1 files changed, 13 insertions, 0 deletions

diff --git a/gn_auth/auth/authentication/oauth2/models/oauth2client.py b/gn_auth/auth/authentication/oauth2/models/oauth2client.py
index 0f40688..f48cbce 100644
--- a/gn_auth/auth/authentication/oauth2/models/oauth2client.py
+++ b/gn_auth/auth/authentication/oauth2/models/oauth2client.py
@@ -1,12 +1,14 @@
 """OAuth2 Client model."""
 import json
 import datetime
+from pathlib import Path
 
 from uuid import UUID
 from dataclasses import dataclass
 from functools import cached_property
 from typing import Sequence, Optional
 
+from authlib.jose import KeySet, JsonWebKey
 from authlib.oauth2.rfc6749 import ClientMixin
 from pymonad.maybe import Just, Maybe, Nothing
 
@@ -55,6 +57,17 @@ class OAuth2Client(ClientMixin):
         """
         return self.client_metadata.get("client_type", "public")
 
+    @cached_property
+    def jwks(self) -> KeySet:
+        """Return this client's KeySet."""
+        def __parse_key__(keypath: Path) -> JsonWebKey:# pylint: disable=[unspecified-encoding]

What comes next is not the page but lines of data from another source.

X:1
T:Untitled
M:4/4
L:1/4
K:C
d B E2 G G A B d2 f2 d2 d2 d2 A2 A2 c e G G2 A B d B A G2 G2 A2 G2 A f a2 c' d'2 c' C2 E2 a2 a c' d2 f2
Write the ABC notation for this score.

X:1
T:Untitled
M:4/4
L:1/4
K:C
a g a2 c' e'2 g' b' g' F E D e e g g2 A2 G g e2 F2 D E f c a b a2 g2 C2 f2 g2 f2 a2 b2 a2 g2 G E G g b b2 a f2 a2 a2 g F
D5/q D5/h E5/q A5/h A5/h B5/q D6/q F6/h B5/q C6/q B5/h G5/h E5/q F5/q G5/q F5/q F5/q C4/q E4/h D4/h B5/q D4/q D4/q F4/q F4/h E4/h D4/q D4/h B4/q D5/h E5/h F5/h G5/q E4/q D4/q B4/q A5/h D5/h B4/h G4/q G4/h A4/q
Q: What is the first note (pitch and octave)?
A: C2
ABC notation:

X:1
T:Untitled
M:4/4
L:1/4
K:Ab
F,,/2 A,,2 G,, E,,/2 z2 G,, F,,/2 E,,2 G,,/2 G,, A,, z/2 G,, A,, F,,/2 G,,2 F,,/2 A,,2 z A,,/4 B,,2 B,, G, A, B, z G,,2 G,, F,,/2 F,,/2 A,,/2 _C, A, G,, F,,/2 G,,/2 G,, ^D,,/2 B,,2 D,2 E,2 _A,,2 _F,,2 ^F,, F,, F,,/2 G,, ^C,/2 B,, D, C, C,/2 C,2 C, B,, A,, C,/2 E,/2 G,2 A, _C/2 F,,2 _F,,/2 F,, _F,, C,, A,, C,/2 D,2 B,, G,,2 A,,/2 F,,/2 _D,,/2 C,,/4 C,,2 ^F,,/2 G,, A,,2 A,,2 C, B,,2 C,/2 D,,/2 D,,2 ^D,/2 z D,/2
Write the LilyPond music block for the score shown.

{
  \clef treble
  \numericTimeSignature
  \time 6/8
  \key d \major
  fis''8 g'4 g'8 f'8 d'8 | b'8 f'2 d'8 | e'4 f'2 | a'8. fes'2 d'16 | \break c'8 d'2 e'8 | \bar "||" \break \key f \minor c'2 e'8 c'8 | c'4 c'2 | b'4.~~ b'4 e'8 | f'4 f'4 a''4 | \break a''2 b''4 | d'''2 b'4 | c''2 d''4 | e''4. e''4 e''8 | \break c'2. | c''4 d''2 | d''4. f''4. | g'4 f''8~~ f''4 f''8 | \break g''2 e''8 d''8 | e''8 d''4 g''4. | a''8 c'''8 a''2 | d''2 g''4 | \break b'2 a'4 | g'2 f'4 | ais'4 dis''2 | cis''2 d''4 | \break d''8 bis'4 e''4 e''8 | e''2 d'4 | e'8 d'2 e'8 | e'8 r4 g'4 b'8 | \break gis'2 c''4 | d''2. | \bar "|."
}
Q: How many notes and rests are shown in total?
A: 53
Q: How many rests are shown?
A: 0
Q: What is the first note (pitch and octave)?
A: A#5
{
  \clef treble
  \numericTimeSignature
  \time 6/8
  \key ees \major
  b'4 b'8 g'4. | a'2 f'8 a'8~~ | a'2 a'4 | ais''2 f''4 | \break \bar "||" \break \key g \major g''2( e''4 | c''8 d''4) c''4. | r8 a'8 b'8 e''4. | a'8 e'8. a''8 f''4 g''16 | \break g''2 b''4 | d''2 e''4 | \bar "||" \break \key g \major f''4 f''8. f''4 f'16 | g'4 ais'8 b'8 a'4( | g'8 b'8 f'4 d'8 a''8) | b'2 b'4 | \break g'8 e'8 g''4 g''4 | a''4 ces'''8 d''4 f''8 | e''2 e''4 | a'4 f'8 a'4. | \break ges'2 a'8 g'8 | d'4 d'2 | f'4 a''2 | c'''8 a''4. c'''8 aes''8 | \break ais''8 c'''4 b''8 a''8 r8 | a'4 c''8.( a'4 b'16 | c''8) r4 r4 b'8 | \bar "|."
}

+            with open(keypath) as _key:
+                return JsonWebKey.import_key(_key.read())
+
+        return KeySet([
+            __parse_key__(Path(pth))
+            for pth in self.client_metadata.get("public_keys", [])])
+
     def check_endpoint_auth_method(self, method: str, endpoint: str) -> bool:
         """
         Check if the client supports the given method for the given endpoint.